The Department of Water and Sanitation has embraced
the concept of SEA as a tool for use in catchment planning and management,
and as a support to the National Water Act.
Strategic Environmental Management
Planning (SEMP)
Here too there may seem to be overlap with the SEA
process, particularly in Mpumalanga where the SEMP process is well advanced.
The SEMP is a management plan. It is not strictly spatial (like the EMF) but
also includes policy and process issues. The SEMP will take the spatial
inventory (provided by the EMF) and, based on extant conditions will look at
possible sustainable futures. An Environmental Impact Assessment (EIA) will
usually result in an Environmental Plan (EMP). So too we can see an SEA
resulting in a Strategic Environmental Management Plan (SEMP). This is
because the SEA is not a planning process but does provide useful
information to planners. The SEMP is a Strategic Plan, generally offered at
the scale of the province. SEMPs provide the framework for more site
specific studies. SEMPs tend to be broad and may lack, as in Mpumalanga,
much of the conflict and visions data which the SEA for SFRAs is providing.

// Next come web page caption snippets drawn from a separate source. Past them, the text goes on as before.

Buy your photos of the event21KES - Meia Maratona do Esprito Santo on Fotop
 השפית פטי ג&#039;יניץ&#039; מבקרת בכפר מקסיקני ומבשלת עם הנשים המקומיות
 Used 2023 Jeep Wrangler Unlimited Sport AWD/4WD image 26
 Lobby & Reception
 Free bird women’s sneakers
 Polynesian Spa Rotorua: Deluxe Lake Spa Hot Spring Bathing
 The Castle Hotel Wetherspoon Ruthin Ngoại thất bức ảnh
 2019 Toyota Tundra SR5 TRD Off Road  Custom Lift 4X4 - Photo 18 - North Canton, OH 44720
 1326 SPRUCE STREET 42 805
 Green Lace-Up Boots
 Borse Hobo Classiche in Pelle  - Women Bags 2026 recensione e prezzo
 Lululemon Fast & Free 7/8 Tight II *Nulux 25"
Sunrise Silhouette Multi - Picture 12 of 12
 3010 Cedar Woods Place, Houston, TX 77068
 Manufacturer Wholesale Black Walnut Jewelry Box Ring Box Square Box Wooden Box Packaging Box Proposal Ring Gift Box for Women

There is a good deal of synergy between these processes.
SEMPs are also an important tool in providing the
over-arching environmental management system for development clusters or
nodes. For example, a SEMP would provide the environmental limits and
guidelines for the establishment of an industrial park in which various
different companies may be setting up. Typically a SEMP was proposed for the
Coega Industrial Zone (Eastern Cape), and a similar framework was prepared
for the Capricorn Industrial Park (Western Cape).
Stream Flow Reduction Activity (this
is the present working definition)
An SFRA is any dryland land use practice, which
reduces the yield of water (with reference to yield from natural veld in
undisturbed conditions) from that land to downstream users. Such activities
may be declared as SFRAs if found to be significant.